Spillover effects to data center design
The expansion of HPC within data centers may also change performance expectations for cloud computing as a whole. HPC networks are designed differently than traditional data center layouts, allowing them to allocate and pool resources more dynamically and efficiently in real time. As these systems proliferate, inefficiencies in computing and networking in the rest of the data center will become more obvious, and operators may begin to push for better performance in mainstream data center equipment. Low-latency fibers and low-loss connectors, among other technologies, will likely be used in HPC clusters first but will then begin to permeate the rest of the data center infrastructure.

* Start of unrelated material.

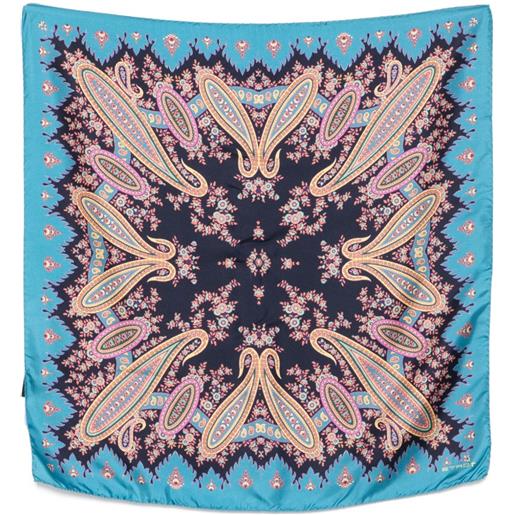 ETRO foulard in seta con stampa paisley - blu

Changes in the manufacturing landscape
Advanced computing trends are driving adoption of new materials (e.g., alternative metals and semiconductors) that can perform at higher temperatures, lower failure rates, and be made into smaller, more complex chip features. Incorporation of new materials in the chip fab will in turn influence processes for growing semiconductors, polishing wafers, etching surface features, cleaning nanoparticle residues, etc., and may have implications for suppliers further back in the value chain. Another aspect to consider is shifts in manufacturing geography, which are happening now and are driven largely by global supply chain issues and growing political urgency around reshoring capacity in the U.S. (e.g., via the CHIPS bill). While HPC is not the cause of these trends, its trajectory is intertwined with these developments – semiconductor companies traditionally use older facilities for older chip designs and dedicate new plants to cutting-edge chips, so all the new fabs being constructed in the U.S. (e.g., Intel’s new Ohio plant), will likely be outfitted with the technology required to build advanced HPC hardware.
Overall, the rise of high-performance computing poses a threat to the traditional supply chain in the computing industry. As influence accrues to large data center operators who are innovating largely in-house, those further back in the value chain may struggle to find success by providing differentiated materials and components unless working closely with data center operators as design partners. That being said, demand for materials that enable data center operators to take full advantage of the low-latency, low-loss networking across their campuses will be on the rise. And HPC will continue to have broad-reaching impacts – not only on society and art, but on the very businesses who supply materials that make it run if they can find ways to benefit as users.